Byte Pair Encoding is an information compression algorithm tailored for tokenization. As a substitute of treating phrases as entire items, it breaks them down into smaller, extra frequent subword items. This enables it to:
- Deal with unknown phrases gracefully
- Strike a steadiness between character-level and word-level tokenization
- Cut back the general vocabulary dimension
Let’s perceive this with a simplified instance.
We start by breaking all phrases in our corpus into characters:
"low", "decrease", "latest", "widest"
→ ["l", "o", "w"], ["l", "o", "w", "e", "r"], ...
We depend the frequency of adjoining character pairs (bigrams). For instance:
"l o": 2, "o w": 2, "w e": 2, "e s": 2, ...
Merge probably the most frequent pair into a brand new token:
Merge "e s" → "es"
Now “latest” turns into: ["n", "e", "w", "es", "t"]
.
Proceed this course of till you attain the specified vocabulary dimension or till no extra merges are attainable.

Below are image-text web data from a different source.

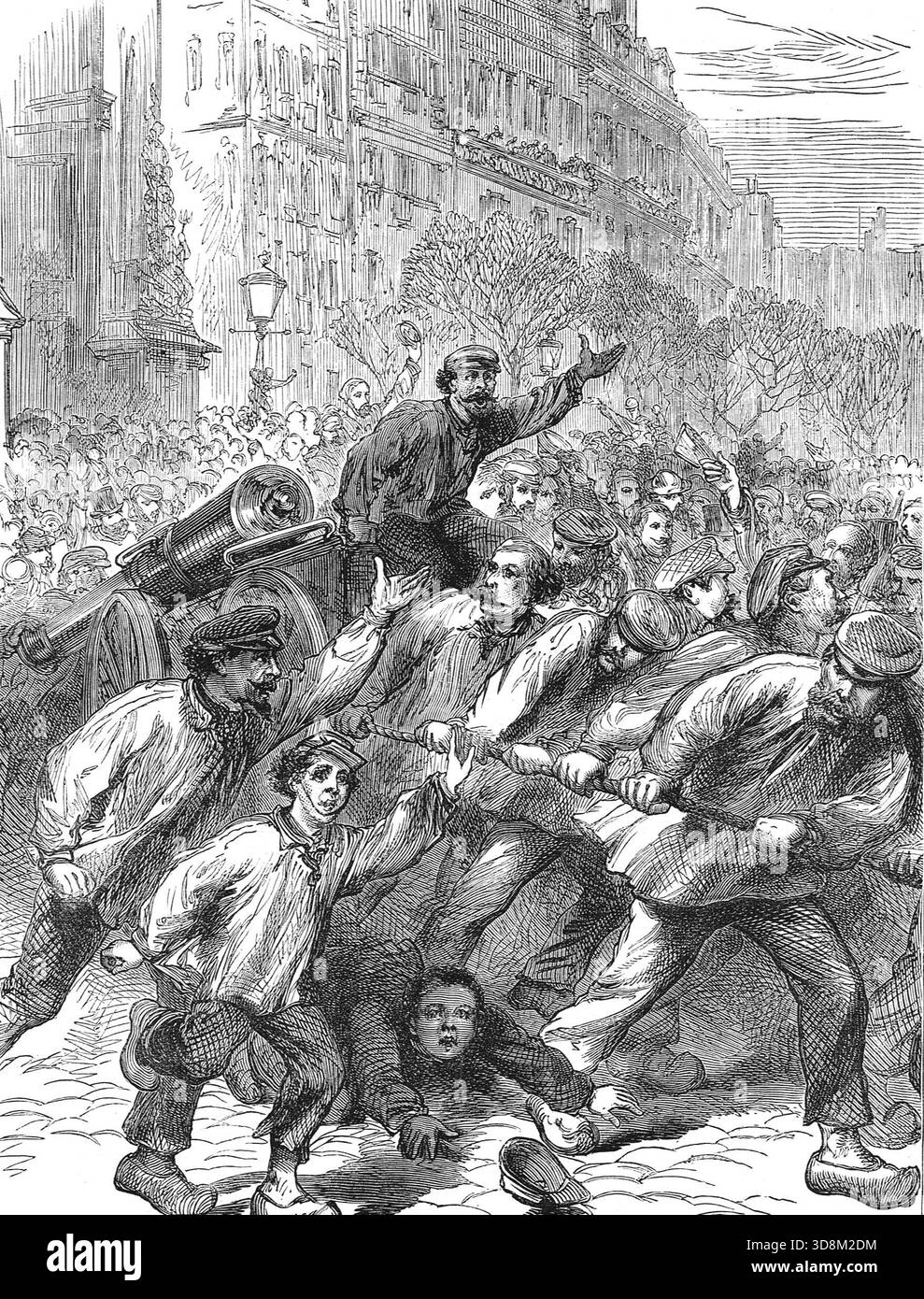 Aufständische eroberten die Waffen in Paris, der Beginn der Pariser Kommune nach der Niederlage der Franzosen im Deutsch-Französischen Krieg. Stockfoto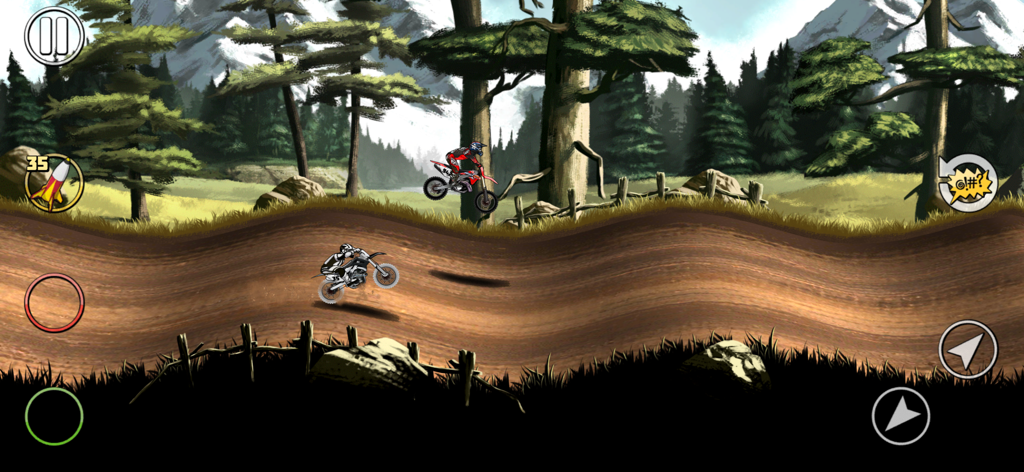 Mad Skills Motocross 2 - Side-scrolling motocross racing gameplay with two riders on a dirt track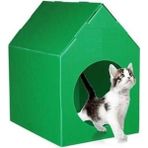 3’lü Yeşil Plastik Kedi Evi, Taşınabilir ve Konforlu Kutu Yatak Seti - Ahşap - Seçenek 1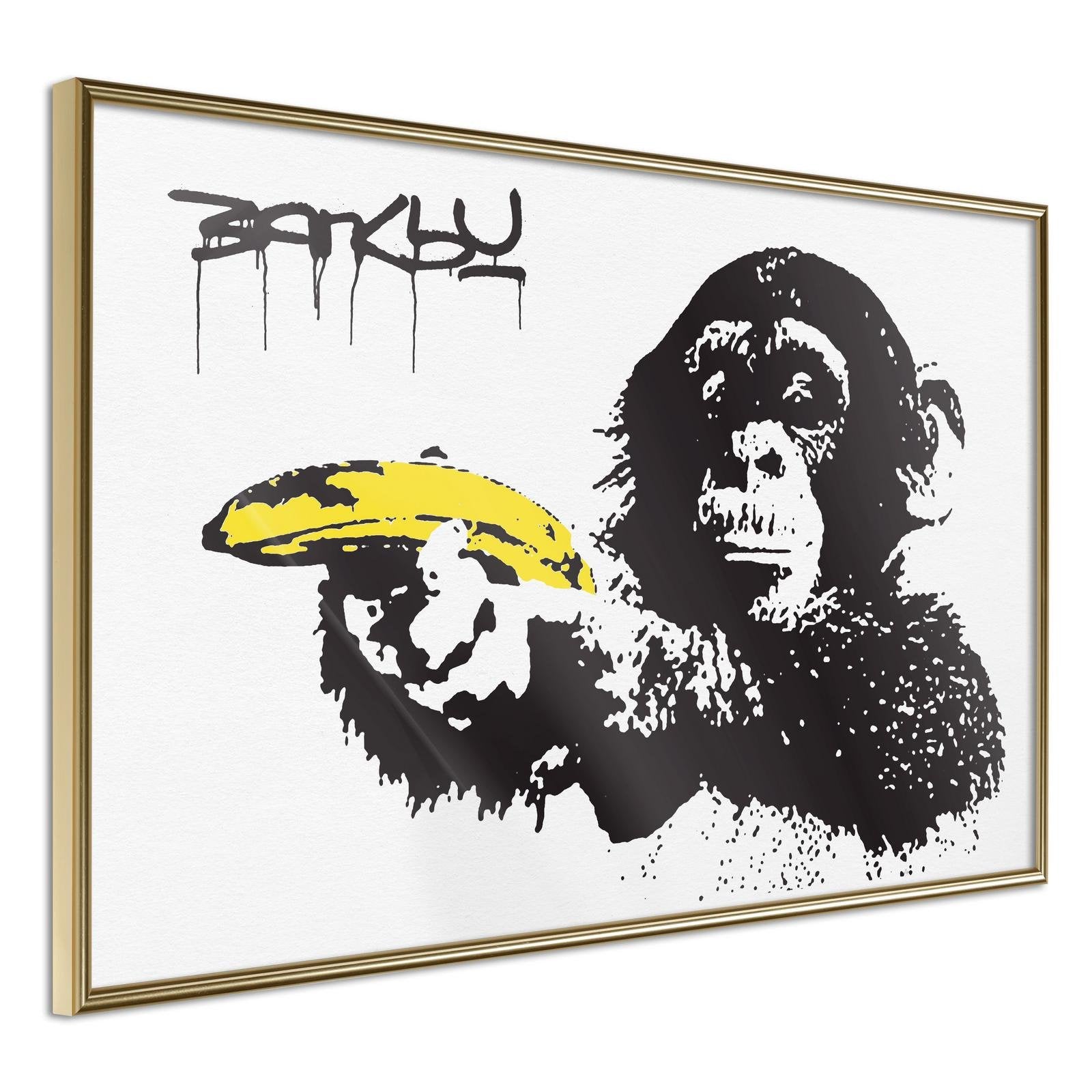 Inramad Poster / Tavla - Banksy: Banana Gun I-Poster Inramad-Artgeist-30x20-Guldram-peaceofhome.se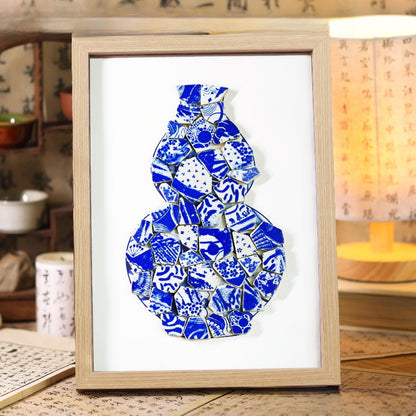 Porcelain vase collage painting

- Environment friendly: It reuses frequent subwords to scale back redundancy.
- Versatile: Handles uncommon and compound phrases higher than word-level tokenizers.
- Compact vocabulary: Important for efficiency in massive fashions.
It solves a key downside: the right way to tokenize unknown or uncommon phrases with out bloating the vocabulary.
- OpenAI’s GPT (e.g., GPT-2, GPT-3, GPT-4)
- Hugging Face’s RoBERTa
- EleutherAI’s GPT-NeoX
- Most transformer fashions earlier than newer methods like Unigram or SentencePiece got here in
Now let’s see the right way to use the tiktoken library by OpenAI, which implements BPE for GPT fashions.
pip set up tiktoken
import tiktoken# Load GPT-4 tokenizer (it's also possible to strive "gpt2", "cl100k_base", and many others.)
encoding = tiktoken.get_encoding("cl100k_base")
# Enter textual content
textual content = "IdeaWeaver is constructing a tokenizer utilizing BPE"
# Tokenize
token_ids = encoding.encode(textual content)
print("Token IDs:", token_ids)
# Decode again to textual content
decoded_text = encoding.decode(token_ids)
print("Decoded Textual content:", decoded_text)
# Elective: Present particular person tokens
tokens = [encoding.decode([id]) for id in token_ids]
print("Tokens:", tokens)
Token IDs: [10123, 91234, ...]
Decoded Textual content: IdeaWeaver is constructing a tokenizer utilizing BPE
Tokens: ['Idea', 'Weaver', ' is', ' building', ' a', ' tokenizer', ' using', ' BPE']
You possibly can see that even compound or uncommon phrases are cut up into manageable subword items, which is the energy of BPE.
Byte Pair Encoding might sound easy, but it surely’s one of many key improvements that made at this time’s massive language fashions attainable. It strikes a steadiness between effectivity, flexibility, and robustness in dealing with numerous language enter.
Subsequent time you ask a query to GPT, bear in mind, BPE made certain your phrases had been understood!
In case you’re on the lookout for a single instrument to satisfy all of your Generative AI wants, try IdeaWeaver.